Non ci fossero le tecnicalità dei tempi, dei modi, dei temi e persino della scelta stessa di convocare un’assemblea costituente del Cinque Stelle a fare da oggetto del contendere nell’ultima rissa pubblica mascherata da scambio epistolare, Beppe Grillo e Giuseppe Conte sembrerebbero un duo che ha attraversato tutte le declinazioni possibili del rapporto di coppia, raggiungendo l’ultima, la più contemporanea, che secondo alcune malelingue interne al Movimento – che assistono allo scontro in corso con sempre maggior indifferenza – «non è troppo dissimile dai rapporti che si sgretolano in diretta tv in un reality show, non troppo diverso da quello che va adesso per la maggiore», e cioè Temptation Island.

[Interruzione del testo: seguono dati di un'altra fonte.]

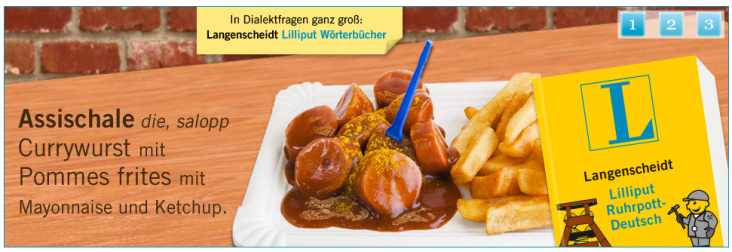 Screenshot Langenscheidt-Website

Da quel «ha preso più voti Berlusconi da morto che Conte da vivo», siluro che il Garante aveva rifilato all’Avvocato subito dopo il tracollo del Movimento 5 Stelle alle elezioni europee, sembra passato un secolo, e invece non era neanche due mesi fa. Ora il racconto, depauperato dai tormentoni che col passare degli anni hanno reso la sfida tra i due un incrocio impossibile tra una soap opera e un cartone animato tipo Willy il coyote e Beep-Beep, dove il primo inseguiva l’altro senza mai riuscire ad acchiapparlo, è improntato al massimo del politicismo, con una narrazione non troppo dissimile da quelle liturgie tipiche dei partiti novecenteschi che il M5S era nato per liquidare del tutto: assemblea sì, assemblea no, assemblea come; decide un ristretto gruppo di persone, come vorrebbe il fondatore; oppure è sovrana la volontà di tutti, come chiede il capo politico, più incline a riscoprire l’originario senso dell’«uno vale uno».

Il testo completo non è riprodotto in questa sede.